▶ [WHAT THE EXERCISE ASKS]
Given the records underneath, please repeat exactly the lines from the line with "Chartreuse Navy" through the line with "The Watchman, Zion", passing over any picture.

▶ [RECORDS FOR THIS TASK]
◆ ◆ ◆ ◆ ◆ ◆ ◆

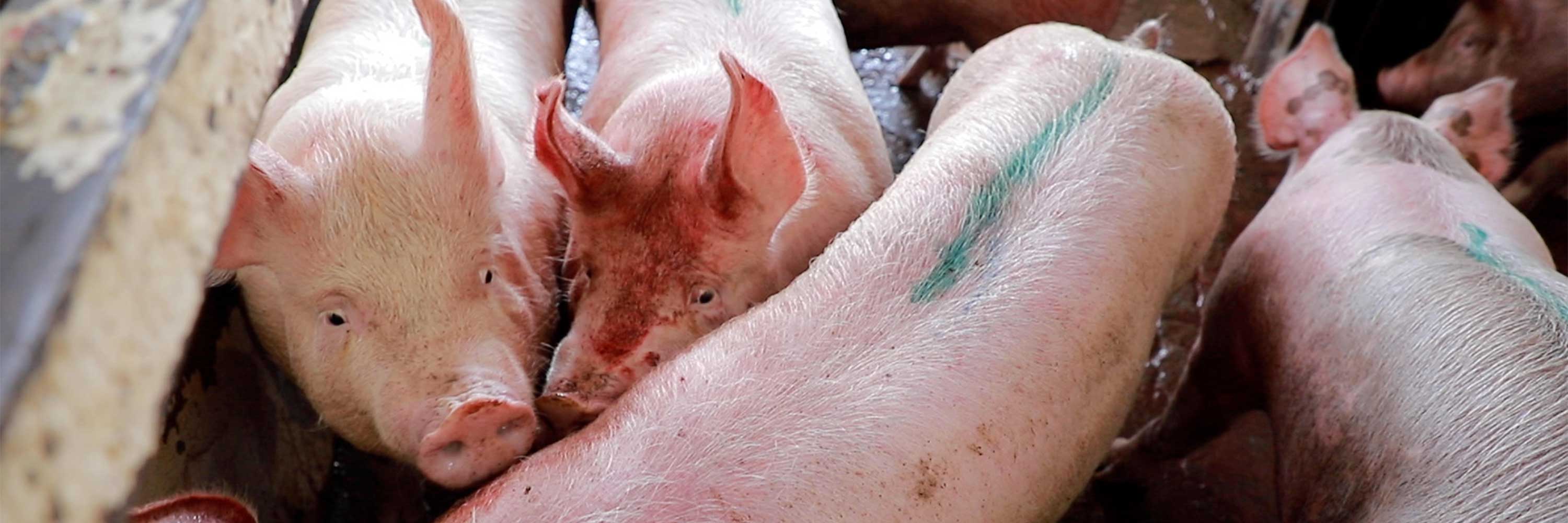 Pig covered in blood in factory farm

◆ ◆ ◆ ◆ ◆ ◆ ◆

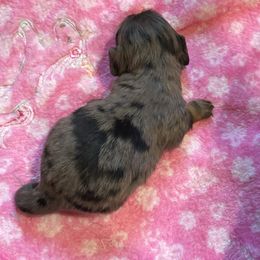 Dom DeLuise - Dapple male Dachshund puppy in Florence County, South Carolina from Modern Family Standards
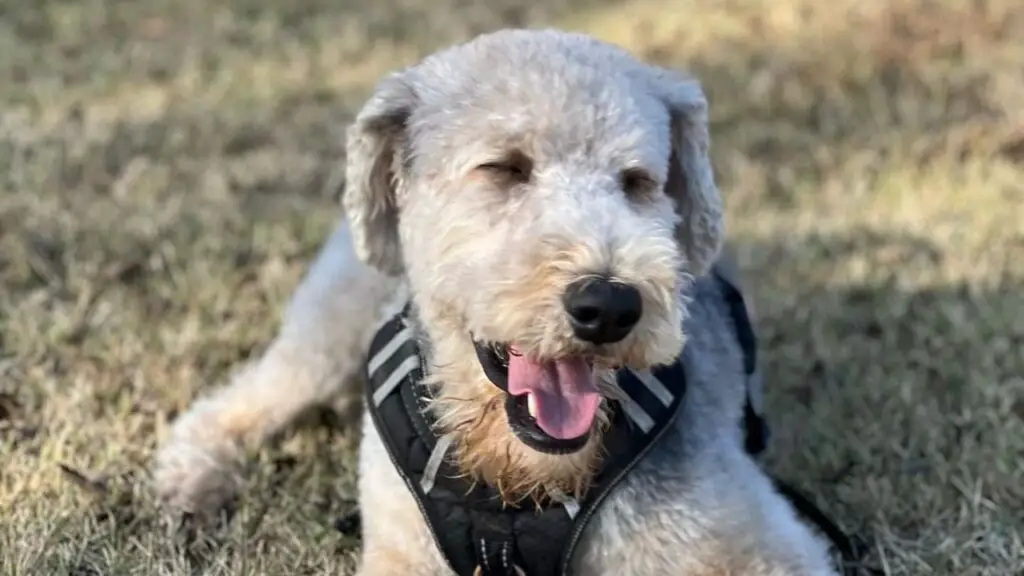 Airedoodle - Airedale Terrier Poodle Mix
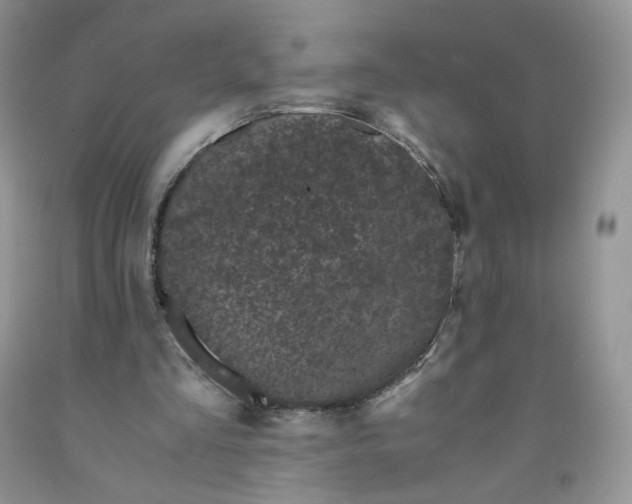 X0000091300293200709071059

◆ ◆ ◆ ◆ ◆ ◆ ◆

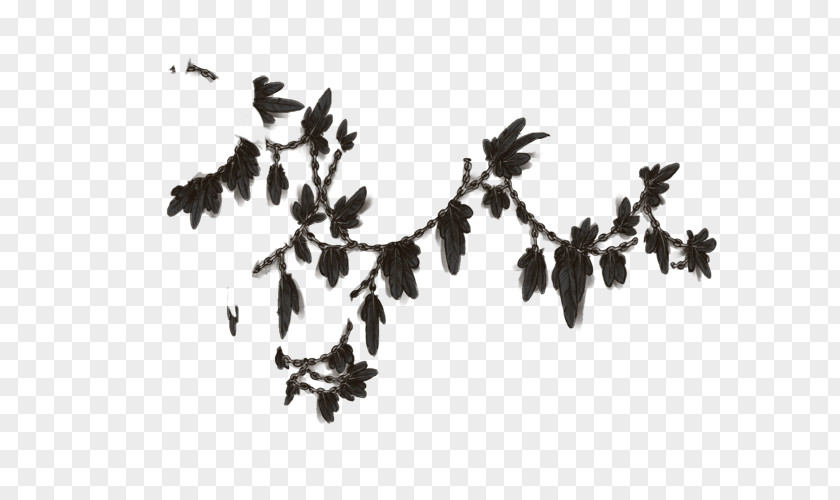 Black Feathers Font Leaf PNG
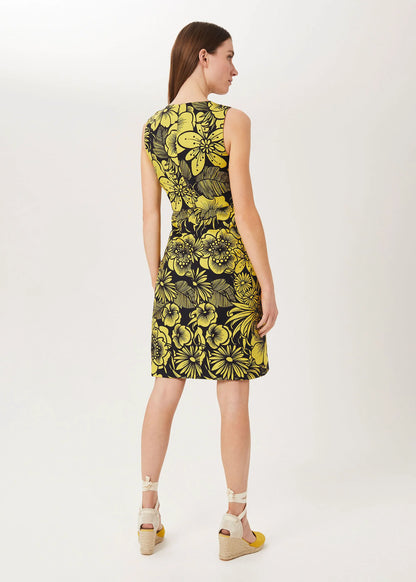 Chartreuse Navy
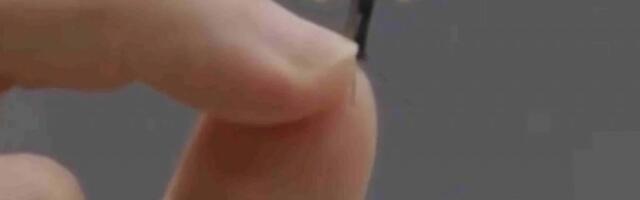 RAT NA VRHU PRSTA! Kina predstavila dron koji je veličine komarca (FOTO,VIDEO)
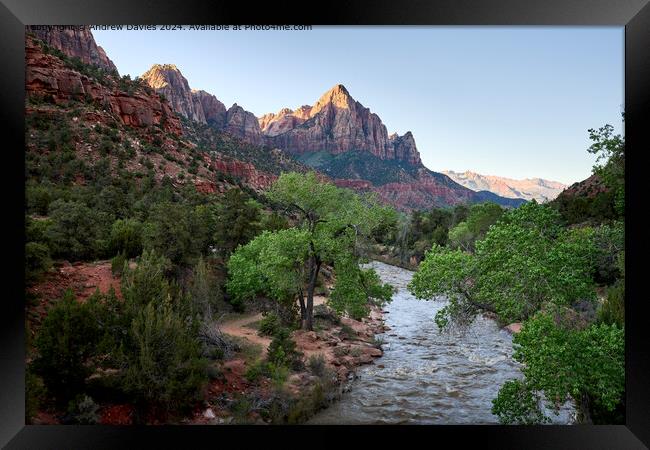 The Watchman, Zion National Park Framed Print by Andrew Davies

◆ ◆ ◆ ◆ ◆ ◆ ◆

▶ [RESPONSE TO THE EXERCISE]
 Chartreuse Navy
 RAT NA VRHU PRSTA! Kina predstavila dron koji je veličine komarca (FOTO,VIDEO)
 The Watchman, Zion National Park Framed Print by Andrew Davies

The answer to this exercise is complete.